2) Discovery doesn’t work
- Ensure
network_mode: hostis enabled. - Check whether your router/VLAN blocks multicast.
3) USB Zigbee/Z-Wave stick not detected
This depends on the device and DSM. Typically you need device mappings (e.g. /dev/ttyUSB0) and permissions.
If you tell me your stick model (e.g.

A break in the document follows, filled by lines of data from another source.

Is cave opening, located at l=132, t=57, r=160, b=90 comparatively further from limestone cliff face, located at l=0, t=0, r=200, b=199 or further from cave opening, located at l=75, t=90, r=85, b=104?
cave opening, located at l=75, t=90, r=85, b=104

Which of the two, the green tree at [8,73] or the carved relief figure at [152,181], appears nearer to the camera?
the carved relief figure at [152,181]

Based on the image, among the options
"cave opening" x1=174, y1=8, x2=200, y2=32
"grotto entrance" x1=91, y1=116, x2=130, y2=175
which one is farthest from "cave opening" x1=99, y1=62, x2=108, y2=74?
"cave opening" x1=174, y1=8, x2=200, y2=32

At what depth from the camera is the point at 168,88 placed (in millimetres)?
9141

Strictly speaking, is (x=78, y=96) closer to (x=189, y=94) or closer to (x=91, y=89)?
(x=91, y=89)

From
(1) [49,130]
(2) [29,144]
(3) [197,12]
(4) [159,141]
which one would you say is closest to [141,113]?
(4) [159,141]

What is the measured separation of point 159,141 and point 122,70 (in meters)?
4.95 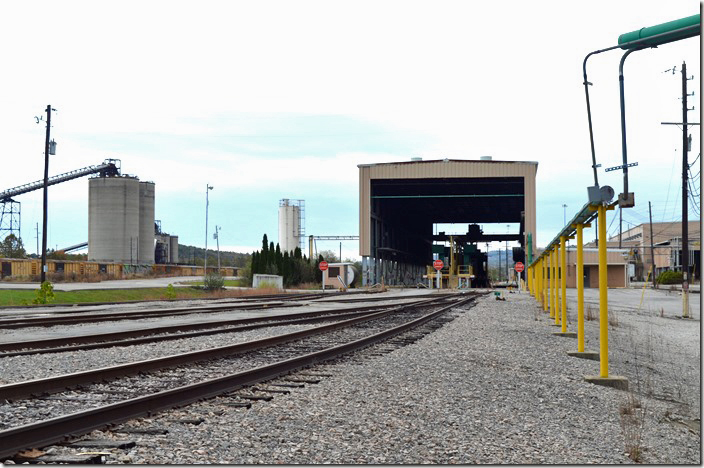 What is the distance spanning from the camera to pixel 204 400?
7.69 meters

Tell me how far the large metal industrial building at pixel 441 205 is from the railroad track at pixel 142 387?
146 feet

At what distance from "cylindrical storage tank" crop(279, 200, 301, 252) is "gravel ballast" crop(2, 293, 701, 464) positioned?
320 ft

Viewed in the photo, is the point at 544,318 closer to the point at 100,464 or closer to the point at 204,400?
the point at 204,400

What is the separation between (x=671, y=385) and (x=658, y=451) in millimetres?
5376

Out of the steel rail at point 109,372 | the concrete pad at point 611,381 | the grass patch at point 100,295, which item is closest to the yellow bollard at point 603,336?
the concrete pad at point 611,381

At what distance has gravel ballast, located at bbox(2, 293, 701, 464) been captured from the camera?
5824 millimetres

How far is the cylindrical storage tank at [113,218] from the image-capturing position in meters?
91.4

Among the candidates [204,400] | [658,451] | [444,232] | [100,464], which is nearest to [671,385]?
[658,451]

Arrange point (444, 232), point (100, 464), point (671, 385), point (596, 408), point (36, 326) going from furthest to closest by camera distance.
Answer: point (444, 232) < point (36, 326) < point (671, 385) < point (596, 408) < point (100, 464)

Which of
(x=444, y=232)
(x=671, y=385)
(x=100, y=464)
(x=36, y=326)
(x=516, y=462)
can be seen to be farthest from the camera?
(x=444, y=232)

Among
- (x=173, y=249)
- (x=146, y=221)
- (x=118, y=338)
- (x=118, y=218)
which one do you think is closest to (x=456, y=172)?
(x=118, y=218)

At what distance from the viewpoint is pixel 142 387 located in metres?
8.47

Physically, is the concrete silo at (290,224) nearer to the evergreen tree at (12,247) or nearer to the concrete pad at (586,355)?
the evergreen tree at (12,247)

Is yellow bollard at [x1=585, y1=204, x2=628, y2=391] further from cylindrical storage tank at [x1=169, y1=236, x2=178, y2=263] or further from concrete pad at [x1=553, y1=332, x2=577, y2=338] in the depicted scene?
cylindrical storage tank at [x1=169, y1=236, x2=178, y2=263] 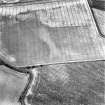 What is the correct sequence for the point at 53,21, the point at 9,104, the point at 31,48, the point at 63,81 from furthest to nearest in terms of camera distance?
the point at 53,21 < the point at 31,48 < the point at 63,81 < the point at 9,104

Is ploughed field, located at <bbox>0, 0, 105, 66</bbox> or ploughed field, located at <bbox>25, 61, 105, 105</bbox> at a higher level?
ploughed field, located at <bbox>0, 0, 105, 66</bbox>

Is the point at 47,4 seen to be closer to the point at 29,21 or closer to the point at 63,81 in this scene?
the point at 29,21

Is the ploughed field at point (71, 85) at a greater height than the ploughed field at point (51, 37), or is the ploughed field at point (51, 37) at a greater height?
the ploughed field at point (51, 37)

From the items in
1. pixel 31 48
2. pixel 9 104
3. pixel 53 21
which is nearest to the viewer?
pixel 9 104

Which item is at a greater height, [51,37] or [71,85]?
[51,37]

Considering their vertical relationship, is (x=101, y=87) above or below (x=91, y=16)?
below

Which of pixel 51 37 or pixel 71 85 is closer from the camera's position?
pixel 71 85

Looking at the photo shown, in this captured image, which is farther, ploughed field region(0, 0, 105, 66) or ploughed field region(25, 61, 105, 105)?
ploughed field region(0, 0, 105, 66)

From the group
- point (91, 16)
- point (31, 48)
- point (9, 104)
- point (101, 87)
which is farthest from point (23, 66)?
point (91, 16)

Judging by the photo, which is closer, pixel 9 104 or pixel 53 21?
pixel 9 104

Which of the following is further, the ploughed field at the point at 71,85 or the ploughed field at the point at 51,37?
the ploughed field at the point at 51,37

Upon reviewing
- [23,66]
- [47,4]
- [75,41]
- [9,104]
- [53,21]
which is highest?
[47,4]
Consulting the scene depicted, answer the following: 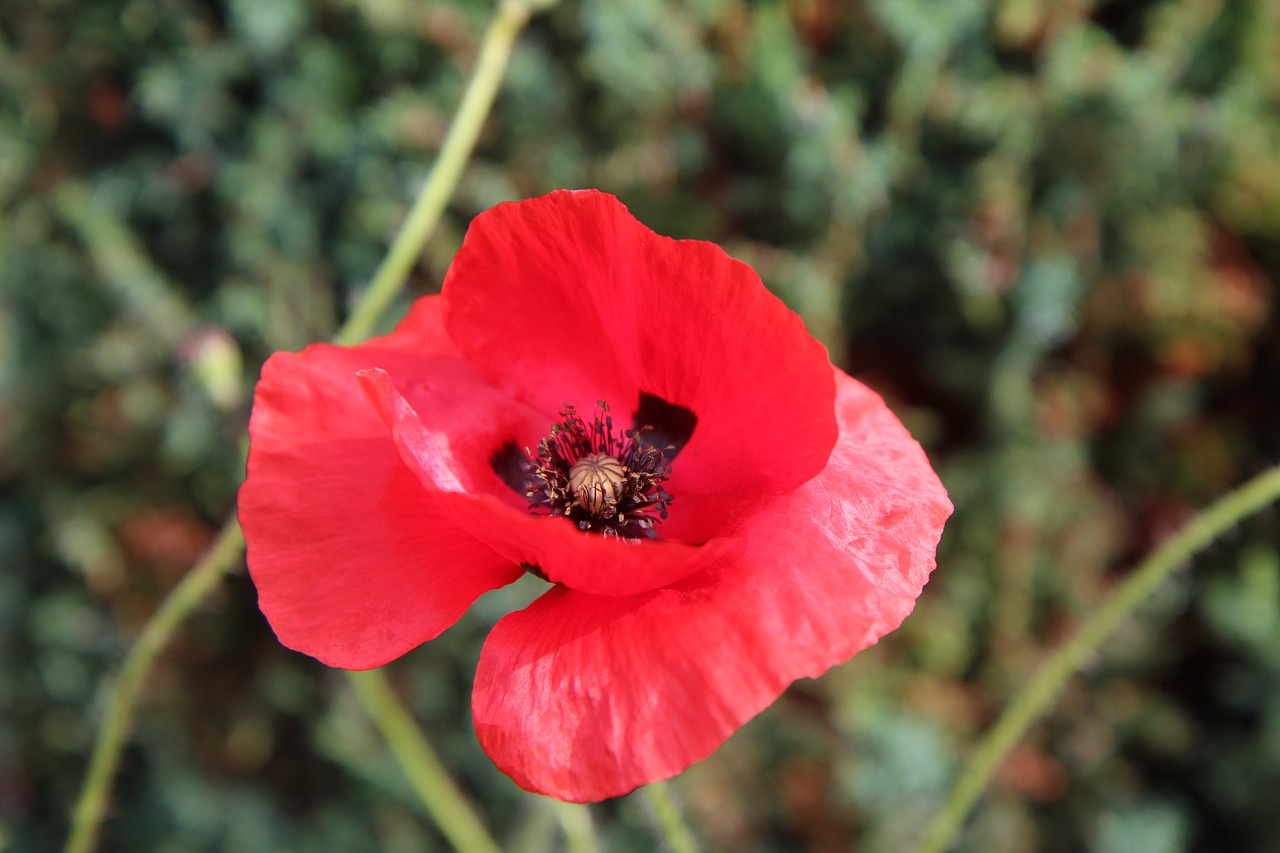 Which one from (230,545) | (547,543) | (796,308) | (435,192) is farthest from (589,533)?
(796,308)

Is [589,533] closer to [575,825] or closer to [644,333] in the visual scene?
[644,333]

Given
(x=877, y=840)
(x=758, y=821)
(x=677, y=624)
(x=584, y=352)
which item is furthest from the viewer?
(x=758, y=821)

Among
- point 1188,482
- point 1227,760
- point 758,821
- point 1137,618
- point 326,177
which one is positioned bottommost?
point 758,821

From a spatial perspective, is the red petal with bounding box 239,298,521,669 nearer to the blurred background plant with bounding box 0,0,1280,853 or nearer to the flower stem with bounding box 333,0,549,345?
the flower stem with bounding box 333,0,549,345

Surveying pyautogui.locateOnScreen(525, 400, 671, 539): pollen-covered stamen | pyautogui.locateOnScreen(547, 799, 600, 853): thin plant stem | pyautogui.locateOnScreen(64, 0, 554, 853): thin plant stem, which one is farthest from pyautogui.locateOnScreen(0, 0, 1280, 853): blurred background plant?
pyautogui.locateOnScreen(525, 400, 671, 539): pollen-covered stamen

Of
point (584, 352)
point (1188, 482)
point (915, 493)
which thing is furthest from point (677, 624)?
point (1188, 482)

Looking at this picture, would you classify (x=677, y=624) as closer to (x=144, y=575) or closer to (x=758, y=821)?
(x=758, y=821)

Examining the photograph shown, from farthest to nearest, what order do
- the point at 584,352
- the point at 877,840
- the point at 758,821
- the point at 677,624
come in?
the point at 758,821 < the point at 877,840 < the point at 584,352 < the point at 677,624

Sonoff ZBDongle-E, ConBee II, SkyConnect), I can provide a Compose variant.
HTTPS (optional)
Home Assistant works perfectly fine over HTTP in your LAN. If you want clean HTTPS without browser warnings (and often a nicer setup for VPN access), a good approach for private networks is:
- create your own Root CA (trusted by your devices)

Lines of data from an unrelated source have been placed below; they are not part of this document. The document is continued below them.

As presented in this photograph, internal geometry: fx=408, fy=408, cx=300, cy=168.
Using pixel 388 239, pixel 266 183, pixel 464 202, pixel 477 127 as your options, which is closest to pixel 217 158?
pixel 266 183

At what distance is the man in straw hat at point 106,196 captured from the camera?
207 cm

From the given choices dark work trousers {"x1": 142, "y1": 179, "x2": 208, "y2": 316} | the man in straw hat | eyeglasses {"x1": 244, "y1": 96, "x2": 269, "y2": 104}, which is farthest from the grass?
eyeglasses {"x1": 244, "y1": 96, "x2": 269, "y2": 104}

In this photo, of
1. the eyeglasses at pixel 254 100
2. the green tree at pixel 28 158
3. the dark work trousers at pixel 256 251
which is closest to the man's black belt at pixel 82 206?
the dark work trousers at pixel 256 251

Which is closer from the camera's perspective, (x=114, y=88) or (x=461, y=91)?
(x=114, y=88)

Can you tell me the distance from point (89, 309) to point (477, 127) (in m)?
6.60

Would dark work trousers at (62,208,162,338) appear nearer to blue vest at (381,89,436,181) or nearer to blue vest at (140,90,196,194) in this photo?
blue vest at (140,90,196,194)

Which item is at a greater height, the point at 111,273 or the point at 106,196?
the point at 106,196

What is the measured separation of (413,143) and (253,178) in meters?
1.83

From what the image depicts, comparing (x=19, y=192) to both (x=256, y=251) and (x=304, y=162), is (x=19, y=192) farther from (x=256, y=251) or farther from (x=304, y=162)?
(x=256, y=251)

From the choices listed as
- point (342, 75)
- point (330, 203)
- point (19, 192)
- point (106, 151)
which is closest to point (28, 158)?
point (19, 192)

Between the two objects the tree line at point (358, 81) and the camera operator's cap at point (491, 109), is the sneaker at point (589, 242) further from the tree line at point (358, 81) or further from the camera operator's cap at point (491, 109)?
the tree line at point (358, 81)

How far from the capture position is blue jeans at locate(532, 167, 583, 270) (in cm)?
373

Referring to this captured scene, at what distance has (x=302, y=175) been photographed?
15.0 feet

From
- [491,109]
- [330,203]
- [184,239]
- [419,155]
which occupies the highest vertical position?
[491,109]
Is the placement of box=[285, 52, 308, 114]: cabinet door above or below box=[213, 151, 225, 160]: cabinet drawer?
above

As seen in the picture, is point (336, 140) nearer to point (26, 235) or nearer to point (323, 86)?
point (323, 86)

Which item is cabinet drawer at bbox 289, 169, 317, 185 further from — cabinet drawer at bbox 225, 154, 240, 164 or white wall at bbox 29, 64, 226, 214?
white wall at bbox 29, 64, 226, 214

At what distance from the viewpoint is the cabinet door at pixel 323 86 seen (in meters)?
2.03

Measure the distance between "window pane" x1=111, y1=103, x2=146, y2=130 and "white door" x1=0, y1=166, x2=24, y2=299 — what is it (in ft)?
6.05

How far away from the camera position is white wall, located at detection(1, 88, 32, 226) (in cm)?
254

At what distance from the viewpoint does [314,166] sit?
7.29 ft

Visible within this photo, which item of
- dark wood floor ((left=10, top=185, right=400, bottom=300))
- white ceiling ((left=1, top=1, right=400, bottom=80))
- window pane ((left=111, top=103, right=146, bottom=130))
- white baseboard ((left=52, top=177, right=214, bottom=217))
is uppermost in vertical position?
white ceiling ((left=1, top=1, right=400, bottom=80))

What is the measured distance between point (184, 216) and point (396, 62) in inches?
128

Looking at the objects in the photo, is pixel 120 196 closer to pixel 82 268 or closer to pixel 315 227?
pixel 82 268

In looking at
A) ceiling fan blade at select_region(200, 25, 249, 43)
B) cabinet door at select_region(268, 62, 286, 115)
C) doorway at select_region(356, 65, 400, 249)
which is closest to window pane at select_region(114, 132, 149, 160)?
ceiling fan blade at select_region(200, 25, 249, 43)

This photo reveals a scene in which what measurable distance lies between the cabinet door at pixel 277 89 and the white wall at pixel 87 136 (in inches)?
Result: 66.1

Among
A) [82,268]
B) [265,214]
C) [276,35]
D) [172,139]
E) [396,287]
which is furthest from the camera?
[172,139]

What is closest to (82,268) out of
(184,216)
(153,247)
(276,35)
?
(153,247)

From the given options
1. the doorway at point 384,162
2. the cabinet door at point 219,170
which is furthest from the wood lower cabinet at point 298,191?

- issue a server certificate for a local domain like
homeassistant.abt - use Synology Reverse Proxy for HTTPS termination in front of Home Assistant
Full background guides:
- Create a Root CA: /blog/2025/10/13/create-custom-root-certificate-authority/
- Issue HTTPS certs from your Root CA: /blog/2025/10/15/create-self-signed-https-certificates-with-custom-root-ca/
Step 1: Point a local domain to your NAS
Create a DNS A record in your DNS (router, Pi-hole, AdGuard Home, UniFi, etc.):
1homeassistant.abt → 192.168.1.50
Step 2: Create certificates
- Create your Root CA once and install it as trusted on your client devices.
- Issue a server certificate for
homeassistant.abt.
Recommended SAN entries:
DNS.1 = homeassistant.abt- Optional:
IP.1 = 192.168.1.50
Note: If you use Apple devices (Safari/iOS), keep the certificate validity to 397 days (or less) for compatibility.
Step 3: Import the certificate into DSM
DSM:
- Control Panel → Security → Certificate
- Add → Import certificate
- Import the certificate and private key (and chain/CA bundle if applicable)
Step 4: Configure Synology Reverse Proxy
DSM:
- Control Panel → Login Portal → Advanced → Reverse Proxy
- Create
Example:
- Source:
HTTPS, hosthomeassistant.abt, port443 - Destination:
HTTP, host127.0.0.1, port8123
Enable WebSocket support.
Step 5: Tell Home Assistant you’re behind a proxy
Edit configuration.yaml inside your mounted config folder and add:
1http:
2 use_x_forwarded_for: true
3 trusted_proxies:
4 - 127.0.0.1
5 - ::1
Restart Home Assistant afterwards.
Access
https://homeassistant.abt
If your Root CA is installed correctly on the client, you won’t see certificate warnings.